Todo ello nos lleva a establecer que con el sexismo ambivalente, los hombres pueden
mantener una consistencia actitudinal que implica despreciar a algunas mujeres y amar a
otras. El sexismo hostil se aplica como un castigo a las mujeres no tradicionales como
mujeres profesionales y feministas porque estas mujeres cambian los roles de género
tradicionales y las relaciones de poder entre hombres y mujeres. Mientras que el sexismo
benevolente es una recompensa a las mujeres que cumplen los roles tradicionales porque estas
mujeres aceptan la supremacía masculina. Por consiguiente el sexismo hostil y el sexismo
benevolente actúan como un sistema articulado de recompensas y castigos con la finalidad de
que las mujeres sepan cual es su posición en la sociedad (Rudman y Glick, 2001).
Esto ha llevado a Click y Fiske (1996, 2001) a preguntarse si el sexismo hostil se
dirige hacia un grupo determinado de mujeres y el sexismo benevolente hacia otro grupo.

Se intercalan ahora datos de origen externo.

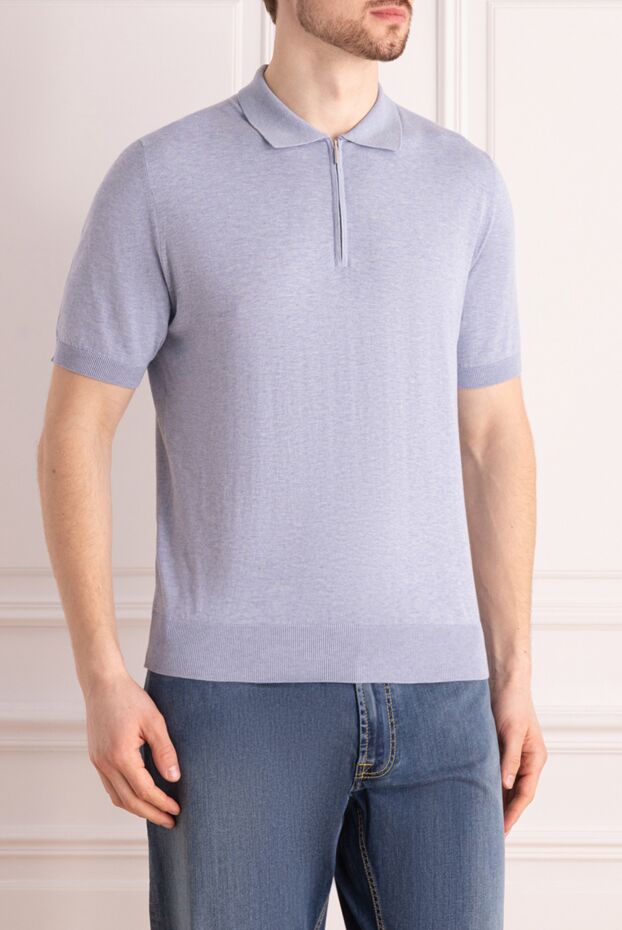 Cesare di Napoli men's short-sleeve polo shirt with no print in light blue 176900 - photo 3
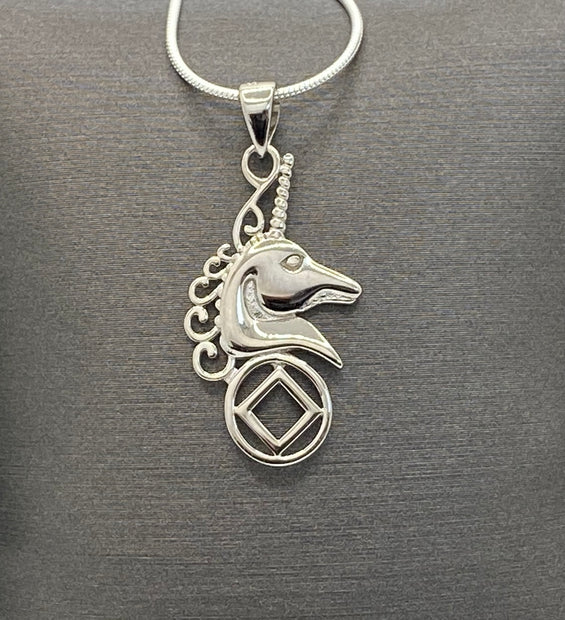 Unicorn with NA Service Symbol Pendant .925 sterling silver image 0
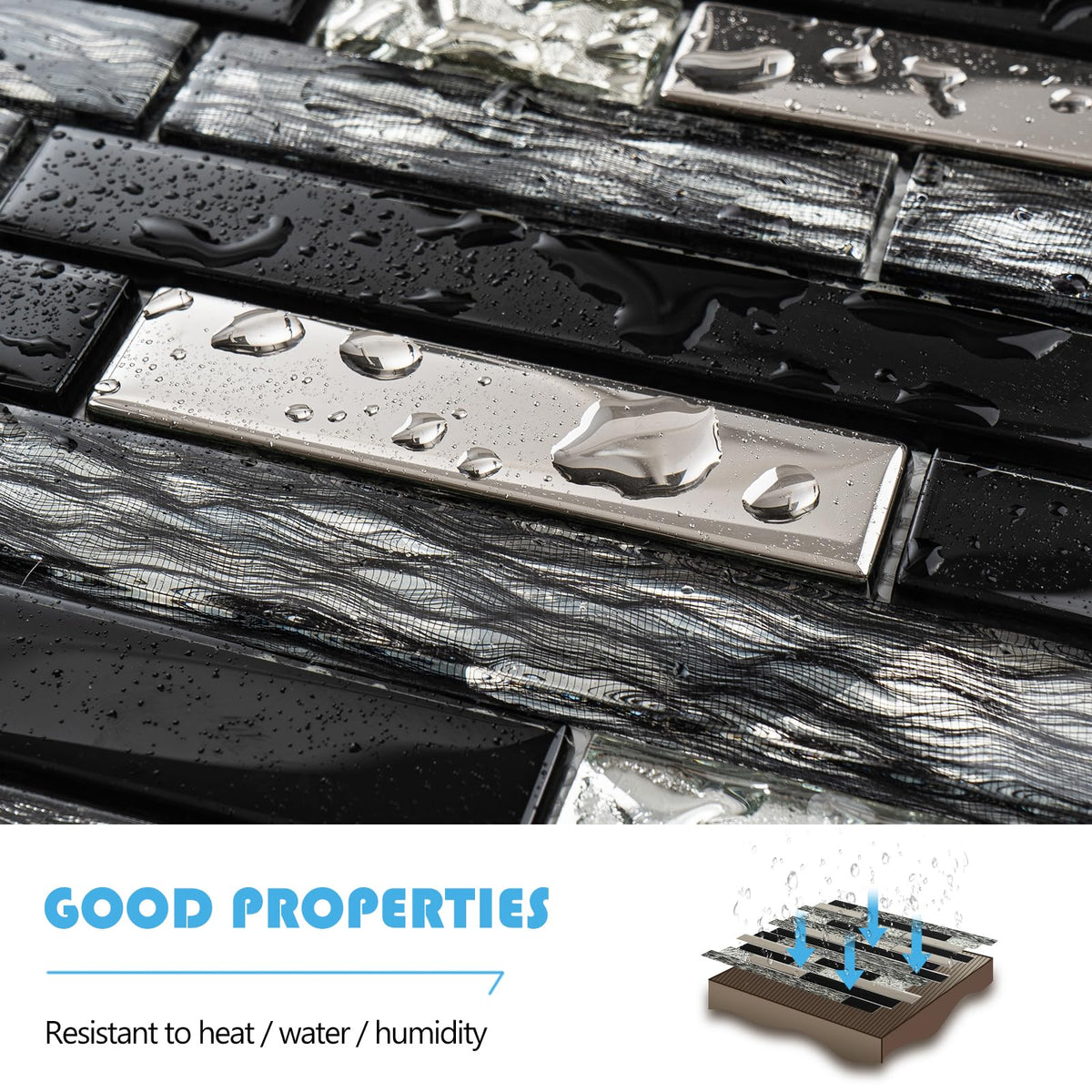 5-Sheet Glass Backsplash Tiles, 5 Square Feet Black Glass Mosaic Backsplash Subway Metal Tile Wall Bathroom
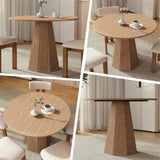 39” Round Solid Wood Dining Table for 4-5 People, Modern Pedestal Kitchen Table with Octagon Base, Circle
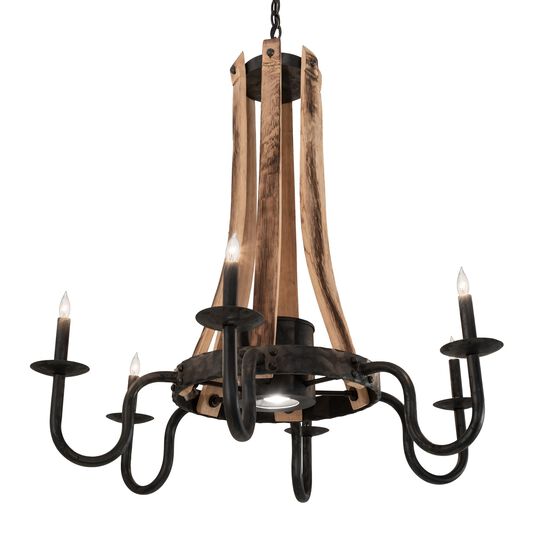 Barrel Stave 36 Inch 6 Light Chandelier by Meyda Lighting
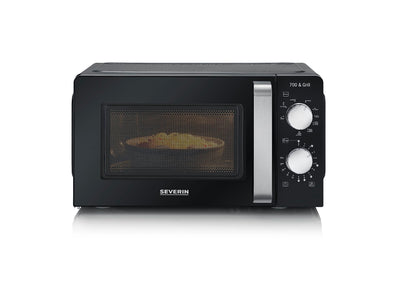 SEVERIN 2-in-1 Mikrowelle mit Grill 700 W, 900 W Grill, Grillofen mit 9 Automatikprogrammen, Mikrowelle mit Grillrost und Drehteller, schwarz / Edelstahl, MW 7781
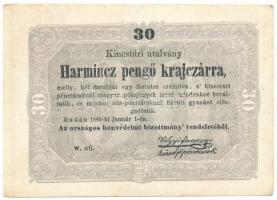 1849. 30kr "Kossuth bankó" T:XF hajtatlan Adamo G103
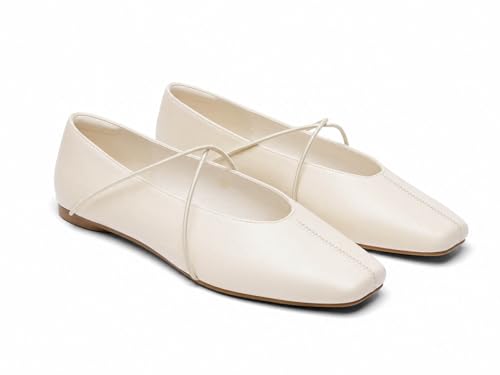 Image of Coutgo Womens Square Toe Ballet Flats Comfortable Slip On Mary Jane Flats Crisscross Strap Work Casual Shoes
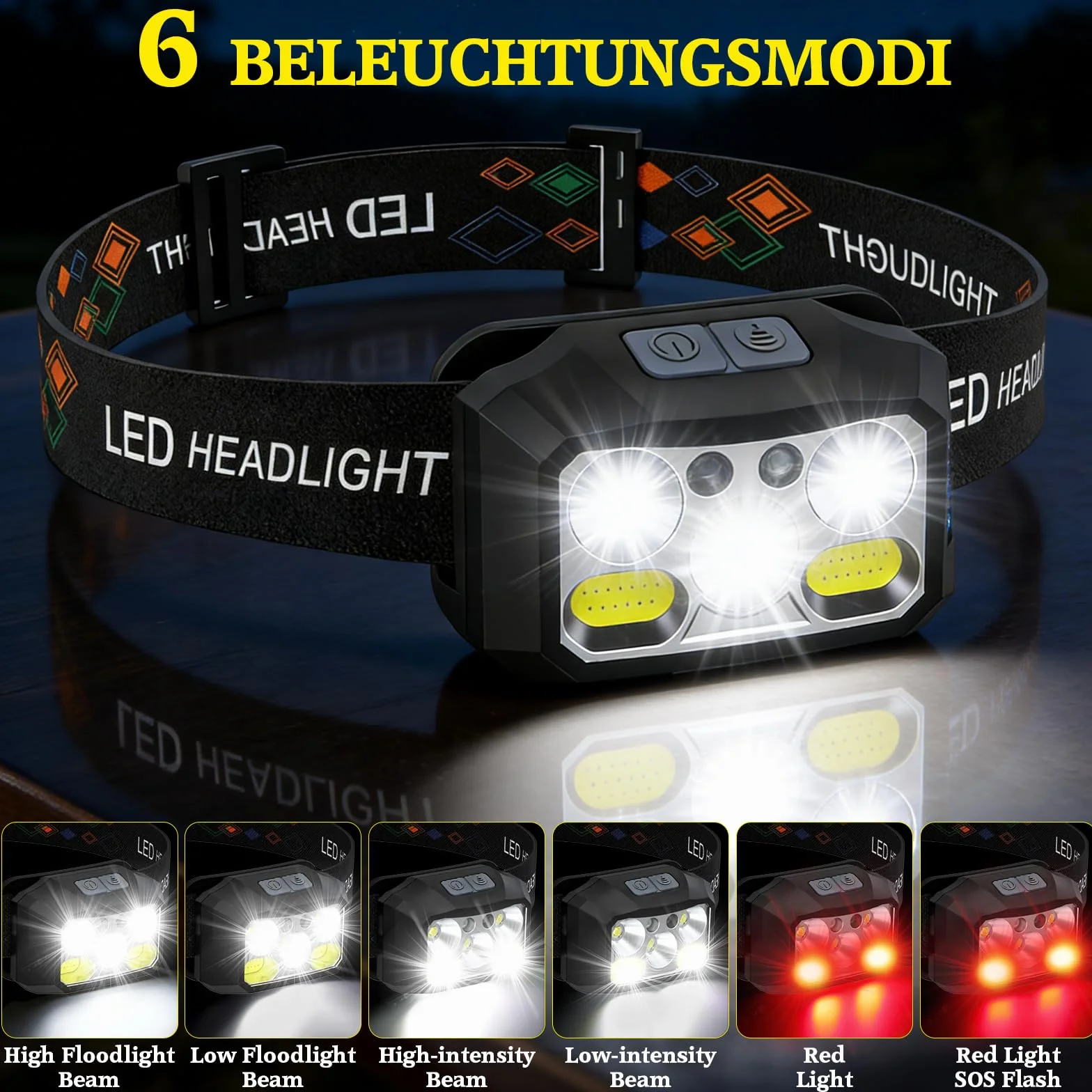 Torcia Frontale LED Ricaricabile USB 2000 Lumen 6 Modalità IPX6 Impermeabile per Pesca Campeggio Corsa 2 Pezzi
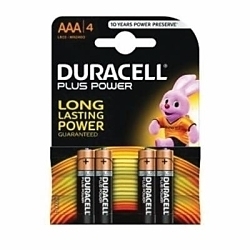 Duracell® MN2400B4 Non-Rechargeable Low Cost Zinc-Manganese Dioxide Battery, Zinc-Manganese Dioxide, 1.5 V DC, 1.15 Ah, AAA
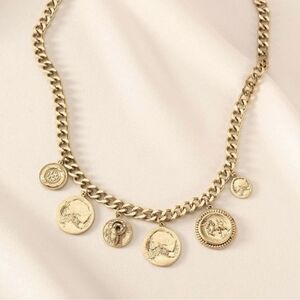 Stella and Dot Heritage Coin Charm Necklace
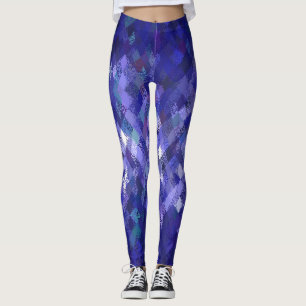 Blaue Farbe-Mischung Harlekin-Muster-Leggings Leggings
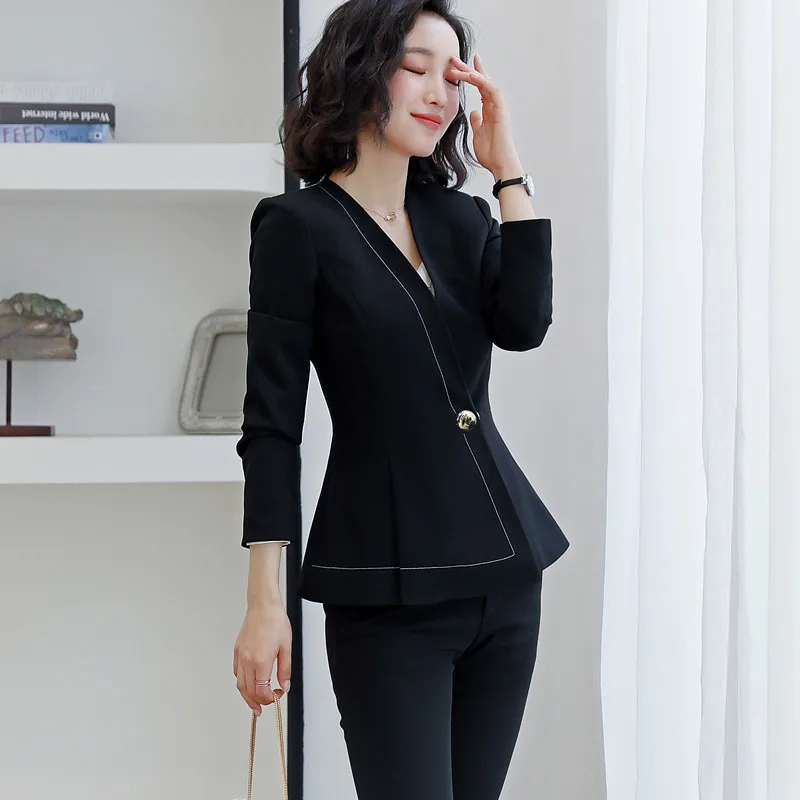 Профессиональный костюм со штанами для женщин Модный Новый строгий приталенный
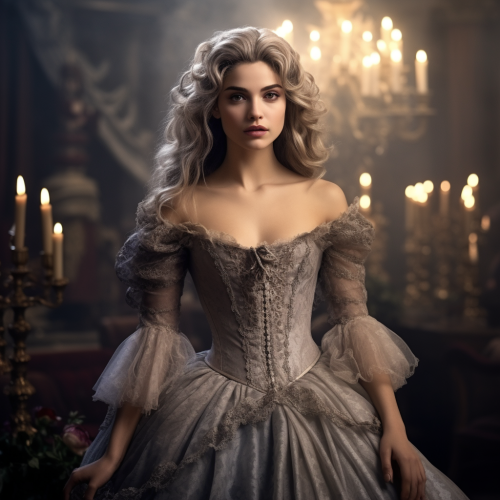 Renaissance Aristocratic Woman in Gray Tulle Dress Renaissance Aristocratic Woman in Gray Tulle Dress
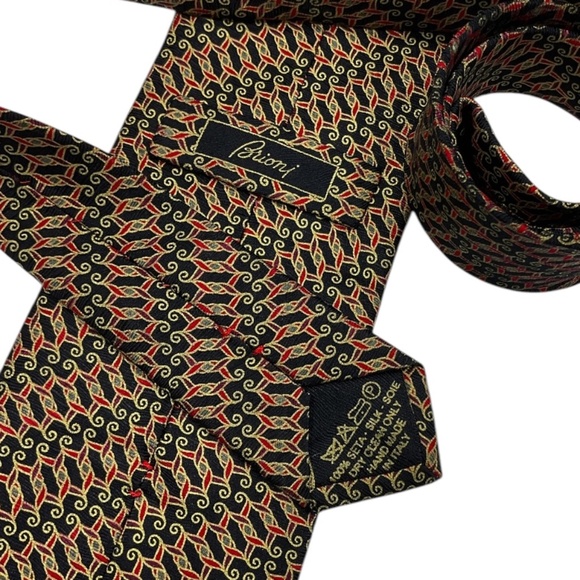 BRIONI XL Black/Red/Gold Geometric Silk LUXURY Tie HANDMADE ITALY - Picture 3 of 4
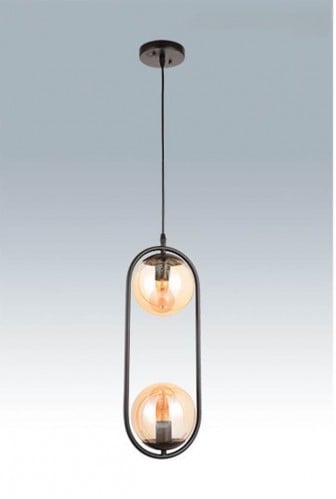 Chandelier - Metal & Glass - Black - 20 x 100 cm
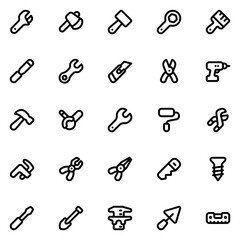 handyman tools line icon sheet
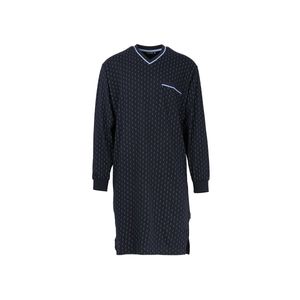 GÖTZBURG Herren Nachthemd - Nightshirt, V-Ausschnitt, Pure Baumwolle Marine XXL
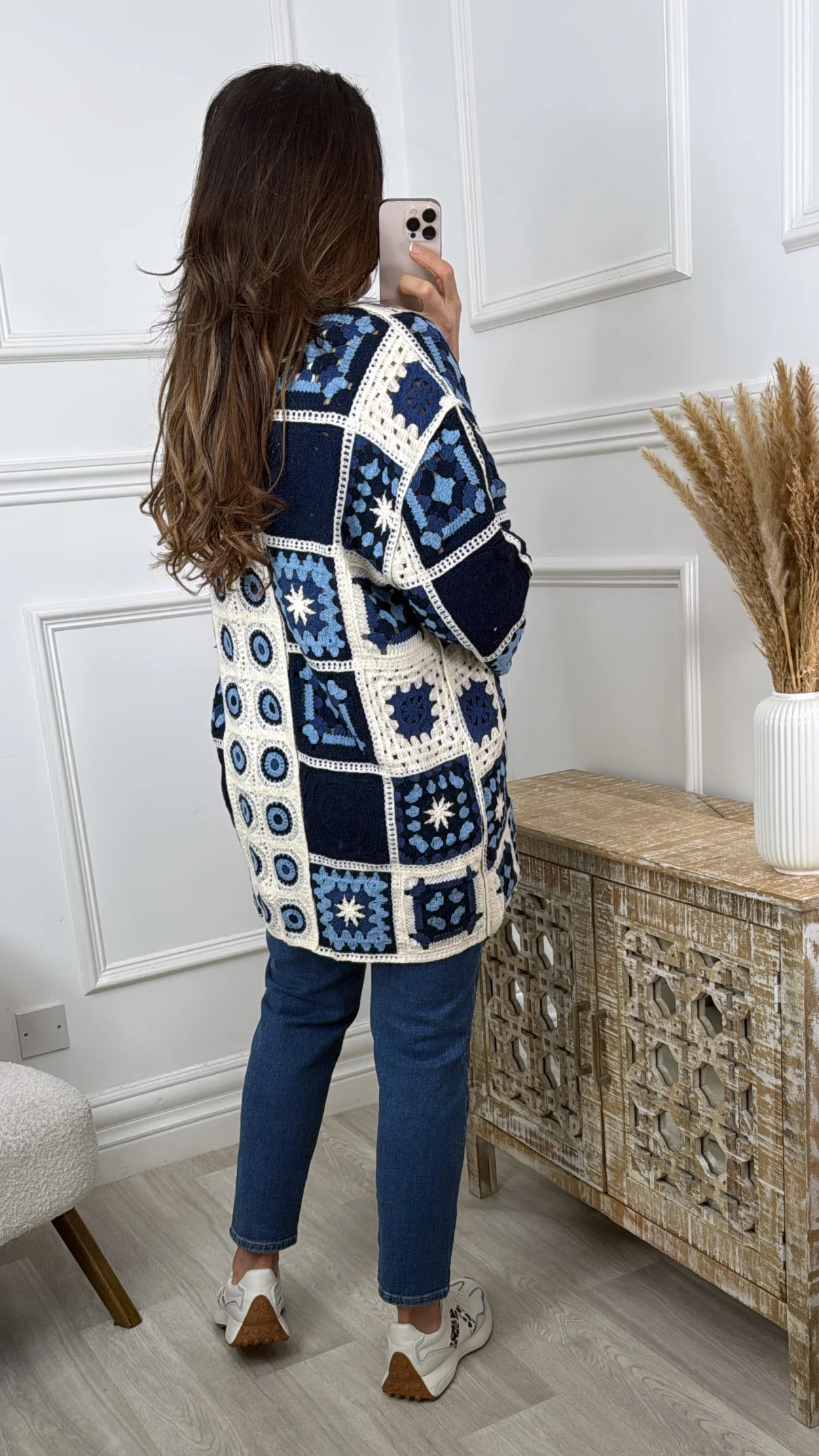 Alana Navy Crochet Knit Longline Cardi - Image 3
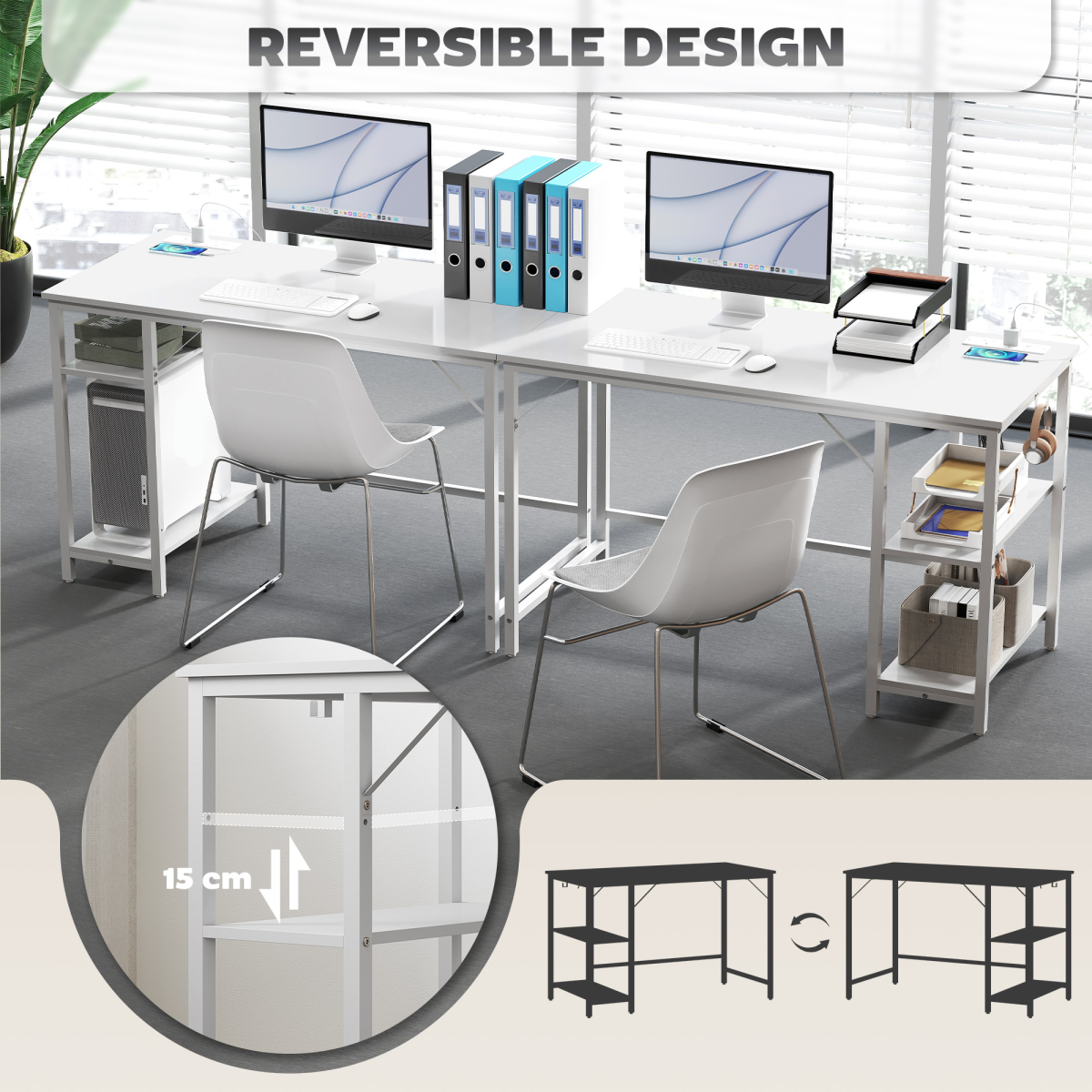 HOMCOM 120 x 60 cm Home Office Desk Reversible Study Table for Bedroom White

Estos autores razonan esta afirmación planteando que es posible que a nivel ideológico pueda
resultar fácil a los hombres categorizar a las mujeres en subgrupos, favorables o
desfavorables, pero cuando se valora a mujeres concretas esto es más complicado,
especialmente cuando existe una vinculación afectiva con ella. Evidenciando que el sexismo
hostil y sexismo benevolente conviven, por ejemplo en las actitudes hacia una hermana que se
ha convertido en feminista o una pareja a la que inicialmente recompensa con el sexismo
benevolente y finalmente castiga con el hostil si ésta lo rechaza (Glick y Fiske, 2001).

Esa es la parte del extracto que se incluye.